Plots.jl Tips

Some tips about Plots.jl, the de-facto standard visualization library in Julia.

You don't have to precalculate¶

Plots.jl supports tracing functions.

plot(f, tmin, tmax) or plot(f, tArray)
plot(fx, fy, tmin, tmax) or plot(fx, fy, tArray)

For example, you can easily draw a parametric plot for x(t) and y(t).

# plotting (x(t), y(t))
plot(sin, (x-> sin(2x)), 0, 2π, line = 4, leg = false)

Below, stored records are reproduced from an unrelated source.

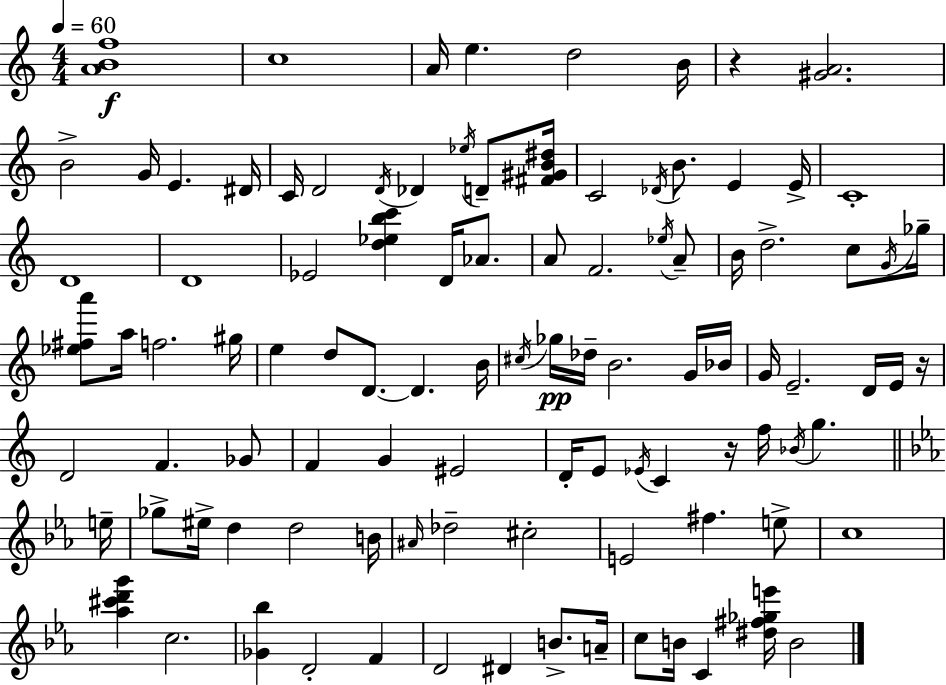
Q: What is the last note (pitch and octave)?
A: B4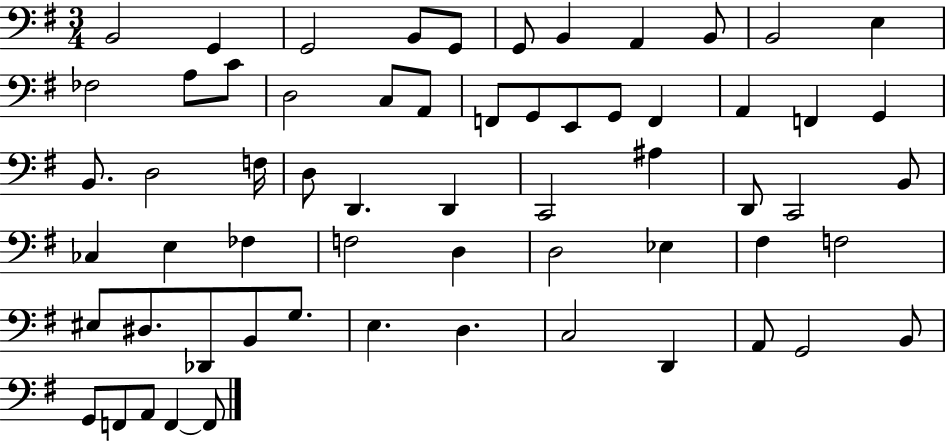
X:1
T:Untitled
M:3/4
L:1/4
K:G
B,,2 G,, G,,2 B,,/2 G,,/2 G,,/2 B,, A,, B,,/2 B,,2 E, _F,2 A,/2 C/2 D,2 C,/2 A,,/2 F,,/2 G,,/2 E,,/2 G,,/2 F,, A,, F,, G,, B,,/2 D,2 F,/4 D,/2 D,, D,, C,,2 ^A, D,,/2 C,,2 B,,/2 _C, E, _F, F,2 D, D,2 _E, ^F, F,2 ^E,/2 ^D,/2 _D,,/2 B,,/2 G,/2 E, D, C,2 D,, A,,/2 G,,2 B,,/2 G,,/2 F,,/2 A,,/2 F,, F,,/2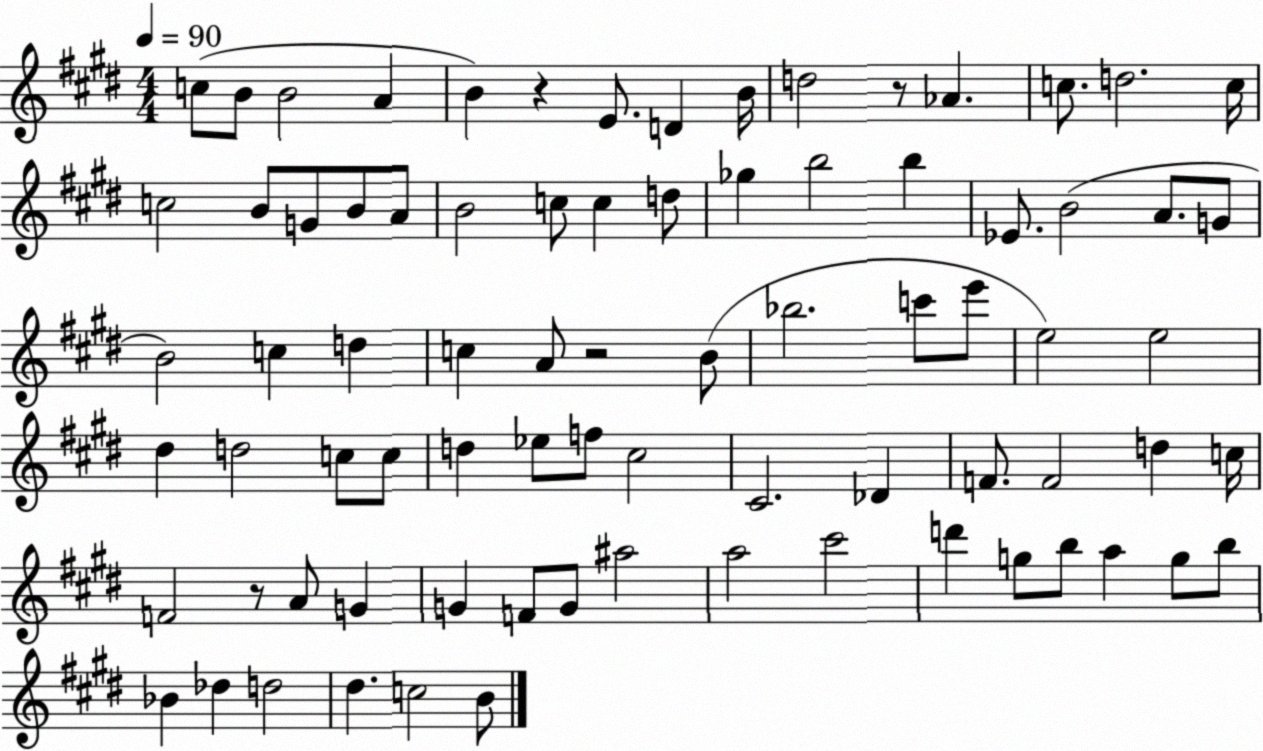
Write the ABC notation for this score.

X:1
T:Untitled
M:4/4
L:1/4
K:E
c/2 B/2 B2 A B z E/2 D B/4 d2 z/2 _A c/2 d2 c/4 c2 B/2 G/2 B/2 A/2 B2 c/2 c d/2 _g b2 b _E/2 B2 A/2 G/2 B2 c d c A/2 z2 B/2 _b2 c'/2 e'/2 e2 e2 ^d d2 c/2 c/2 d _e/2 f/2 ^c2 ^C2 _D F/2 F2 d c/4 F2 z/2 A/2 G G F/2 G/2 ^a2 a2 ^c'2 d' g/2 b/2 a g/2 b/2 _B _d d2 ^d c2 B/2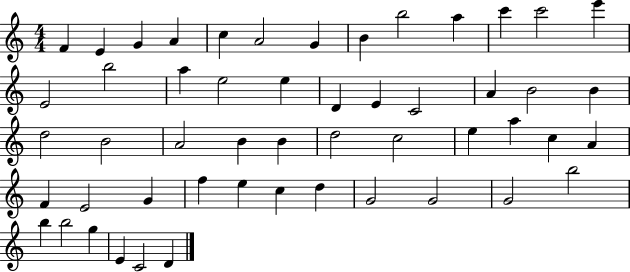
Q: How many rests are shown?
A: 0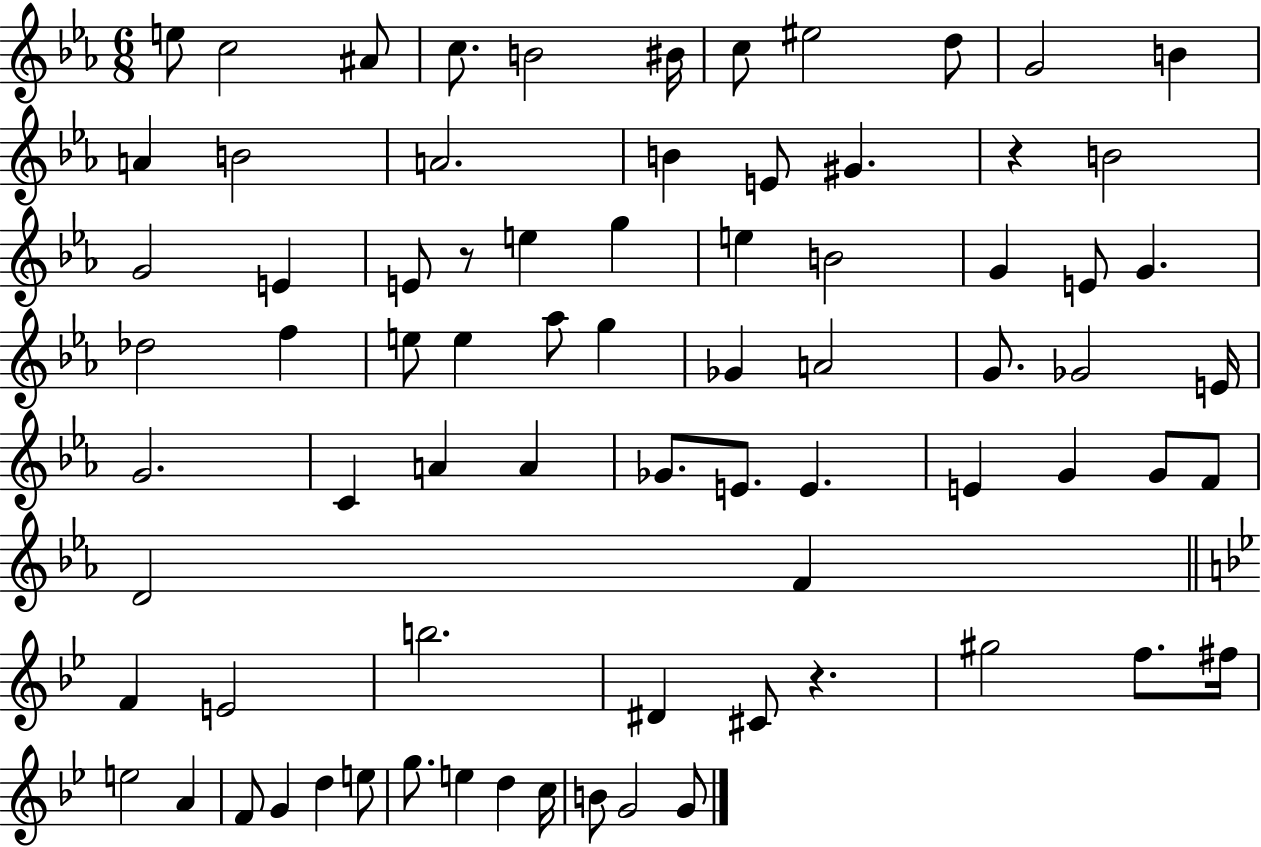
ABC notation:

X:1
T:Untitled
M:6/8
L:1/4
K:Eb
e/2 c2 ^A/2 c/2 B2 ^B/4 c/2 ^e2 d/2 G2 B A B2 A2 B E/2 ^G z B2 G2 E E/2 z/2 e g e B2 G E/2 G _d2 f e/2 e _a/2 g _G A2 G/2 _G2 E/4 G2 C A A _G/2 E/2 E E G G/2 F/2 D2 F F E2 b2 ^D ^C/2 z ^g2 f/2 ^f/4 e2 A F/2 G d e/2 g/2 e d c/4 B/2 G2 G/2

Or make a contour plot without precalculating the function values

x = 1:0.5:20
y = 1:0.5:10

g(x, y) = (3x + y ^ 2) * abs(sin(x) + cos(y))

# Precalculate the value
X = repeat(reshape(x, 1, :), length(y), 1)
Y = repeat(y, 1, length(x))
Z = map(g, X, Y)

p2 = contour(x, y, Z)

# Generate z value on-the-fly

p1 = contour(x, y, g, fill=true)
plot(p1, p2)

Subplots¶

You can combine multiple plots into one single plot with a @layout.

l = @layout [a ; b c]
p1 = plot(...)
p2 = plot(...)
p3 = plot(...)

plot(p1, p2, p3, layout = l)

Or use the sp keyword argument

plot(layout=(2,2))

plot!(randn(50), sp=1)
plot!(randn(50), sp=2)
plot!(randn(50), sp=3)
plot!(randn(50), sp=4)

See layouts for more options.

List supported styles¶

# tip: use Plots.supported_styles() or Plots.supported_markers() to see which line styles or marker shapes you can use
@show Plots.supported_styles();
@show Plots.supported_markers();

See plot attributes.

Render Images¶

# using Pkg; Pkg.add("Images")

using Images
img1 = load("dog.jpg")
plot(img1)

LaTeX texts¶

Plots.jl supports LaTeX texts in the figure.

# using Pkg; Pkg.add("LaTeXStrings")
using LaTeXStrings
str = L"\textrm{Count}"

PDF output¶

PDF uses vector graphic format and conserves details.
Set figure size e.g. size=(750,750) to determine the relative fonts sizes.
One can convert PDF to tiff images later using pdftoppm or imagemagick.

Shared Color bar¶

Source. The trick is to
- make an blank scatter plot for the colorbar.
- use a dedicated space in the layout for the colorbar.

using Plots

x1 = range(0.0, 1.0, length=51)
y1 = range(-1.0, 0.0, length=51)
z1 = sin.(4*pi.*x1)*cos.(6*pi.*reshape(y1, 1, :))

x2 = range(0.25, 1.25, length=51)
y2 = range(-1.0, 0.0, length=51)
z2 = 2.0.*sin.(4*pi.*x2)*cos.(6*pi.*reshape(y2, 1, :))

x3 = range(0.0, 1.0, length=51)
y3 = range(-1.25, -0.25, length=51)
z3 = 3.0*sin.(4*pi.*x3)*cos.(6*pi.*reshape(y3, 1, :))

x4 = range(0.25, 1.25, length=51)
y4 = range(-1.25, -0.25, length=51)
z4 = 4.0.*sin.(4*pi.*x4)*cos.(6*pi.*reshape(y4, 1, :))

clims = extrema([z1; z2; z3; z4])

p1 = contourf(x1, y1, z1, clims=clims, c=:viridis, colorbar=false)
p2 = contourf(x2, y2, z2, clims=clims, c=:viridis, colorbar=false)
p3 = contourf(x3, y3, z3, clims=clims, c=:viridis, colorbar=false)
p4 = contourf(x4, y4, z4, clims=clims, c=:viridis, colorbar=false)

h2 = scatter([0,0], [0,1], zcolor=[0,3], clims=clims,
                xlims=(1,1.1), label="", c=:viridis,
                colorbar_title="cbar", framestyle=:none)

l = @layout [grid(2, 2) a{0.035w}]

p_all = plot(p1, p2, p3, p4, h2, layout=l, link=:all)